PRIME Minister David Cameron saw off a bid to hold a referendum on EU membership on Tuesday this week.
Despite a major rebellion among Conservative back-benchers, the motion was comfortably defeated by 483 to 111.
Buckingham MP John Bercow was unable to take part as Speaker of the House, but Brackley and Towcester MP Andrea Leadsom voted for the referendum, while Bicester MP Tony Baldry voted against it.
Addressing the Prime Minister in a debate prior to the EU membership vote, Mr Baldry asked him to confirm the Conservative manifesto did not, “...contain a commitment to seek an in-out referendum or to seek to renegotiate our terms of membership of the European Union.”

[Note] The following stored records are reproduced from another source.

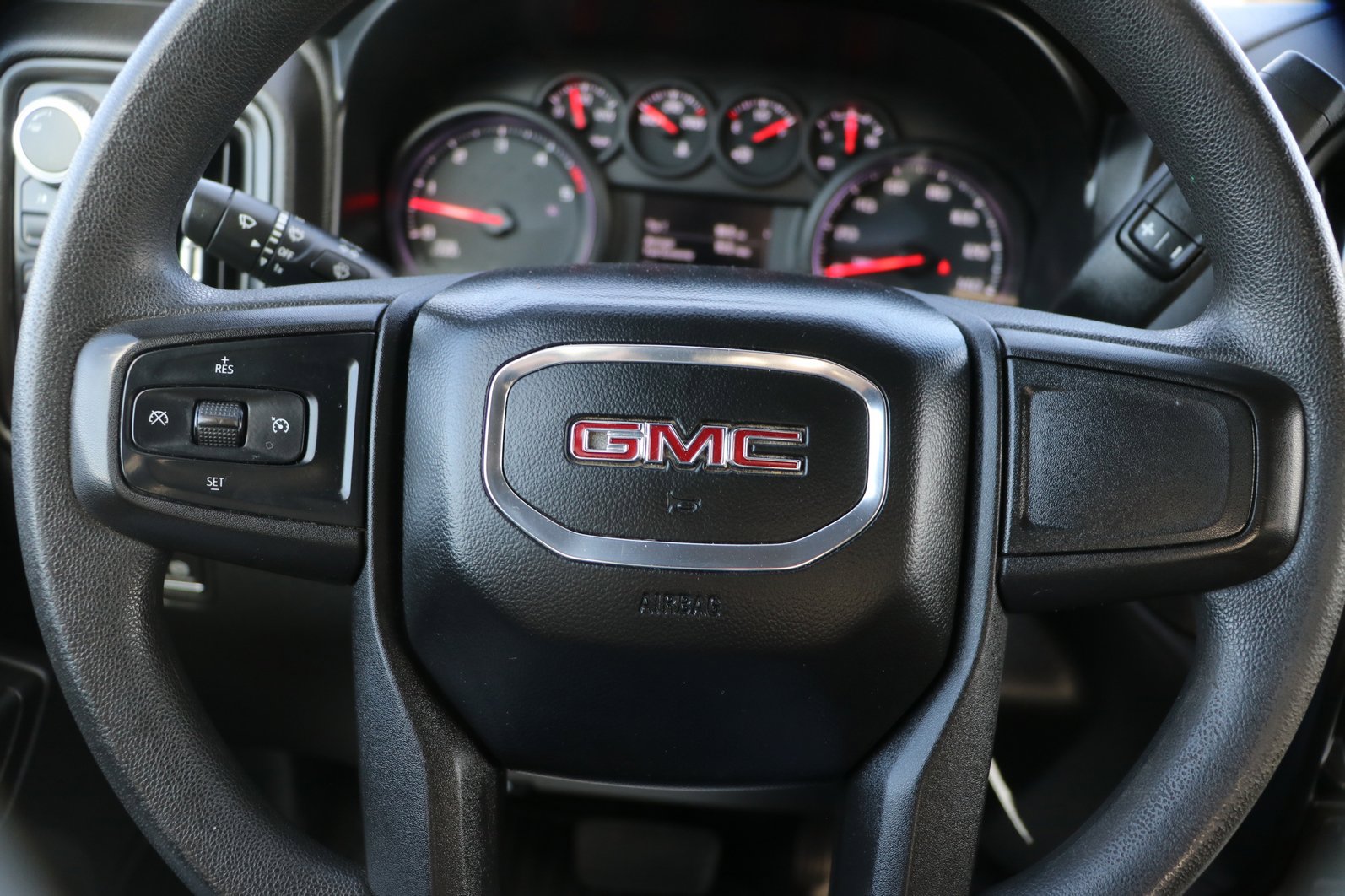 Used 2020 GMC Sierra 3500 4x4 Crew Cab w/ Gooseneck/5TH Wheel Package image 17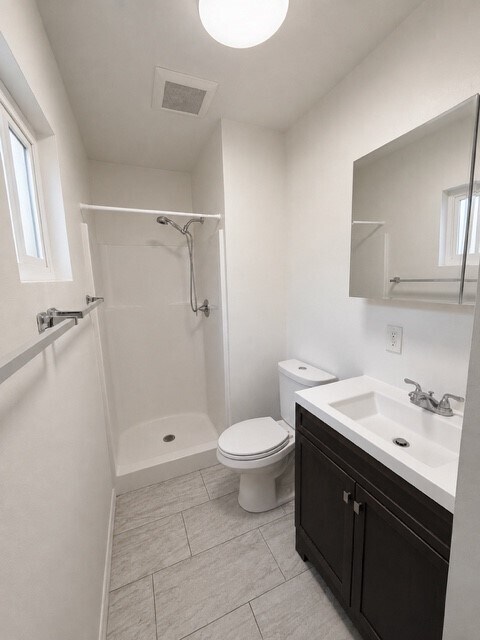 Building Photo - 10515 Firmona Ave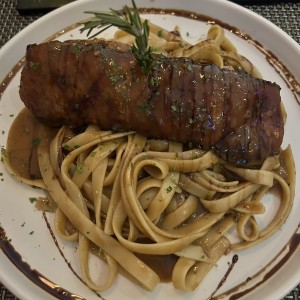 Fetuccine costilla de cerdo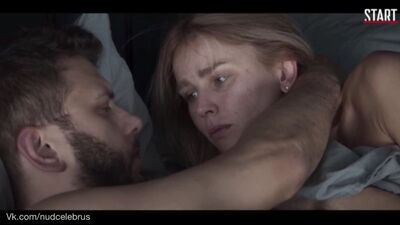 Екатерина Кузнецова засветила грудь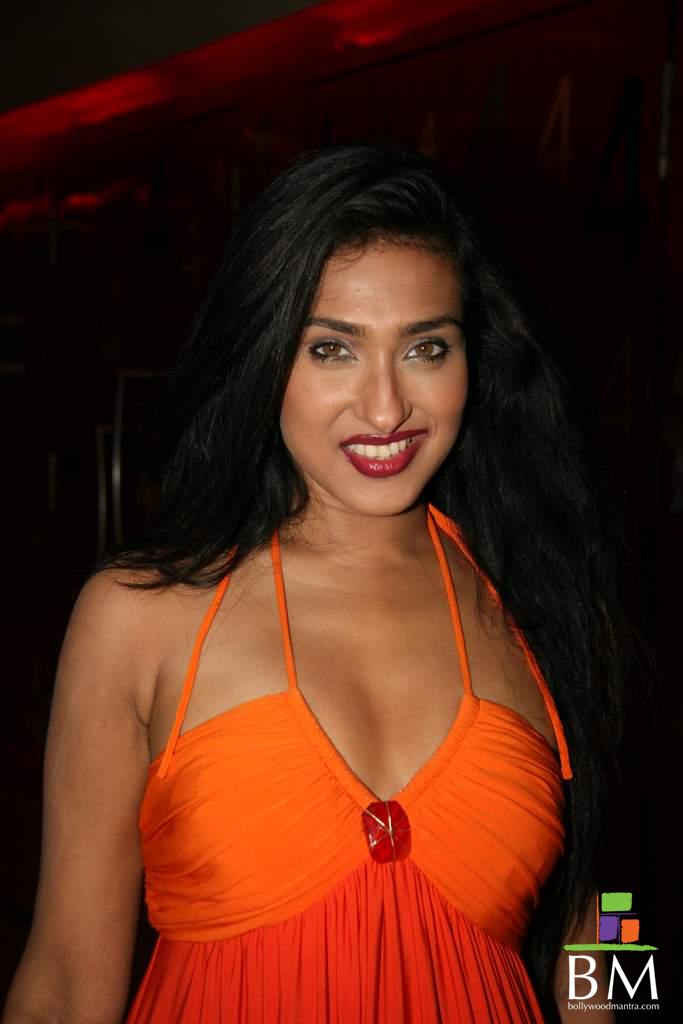 Rituparna Sengupta Hot Sexy Wallpapers ~ Hot-celebs-wallpapers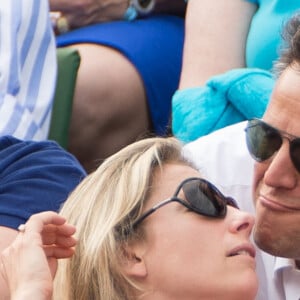 Pour Anne-Sophie Lapix et son mari Arthur Sadoun, c'est un amour sans nuages...
Anne-Sophie Lapix et son mari Arthur Sadoun assistent à la finale féminine Serena Williams vs Maria Sharapova lors des Internationaux de France de tennis 2013 au stade Roland-Garros à Paris, France, le 8 juin 2013. Williams a gagné 6-4, 6-4. Photo par Christophe Guibbaud/ABACAPRESS.COM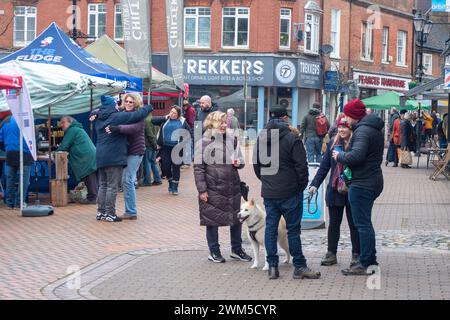 Chesham, Buckinghamshire, Großbritannien. Februar 2024. Es war ein kalter, aber sonniger Tag heute in der Marktstadt Chesham in Buckinghamshire. Käufer waren in der Stadt unterwegs und kauften von Marktverkäufern, einschließlich lokaler Produzenten. Quelle: Maureen McLean/Alamy Live News Stockfoto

Mr Cameron said although Conservatives had made a commitment to seek the return of some powers from the EU, it was not part of the manifesto to seek a referendum including an in-out option. But a total of 81 Conservatives went against the party line, and some abstained.
Following the vote, Mrs Leadsom said: “While I believe the Government are doing an excellent job in Europe, for example keeping us out of further bailouts of Greece and putting in place the EU referendum lock, nevertheless I decided I must support the motion for the sake of our democracy.
“For too long, voters have been denied the chance to have their say on ever-closer EU integration, and so, while it was a very difficult decision, I concluded that I had to support the principle of a referendum.
Despite her belief the motion contained a number of potential problems, Mrs Leadsom said she supported it as: “The Europe we have today bears little resemblance to the Europe we voted for in 1975 – it is high time the British public had another say.”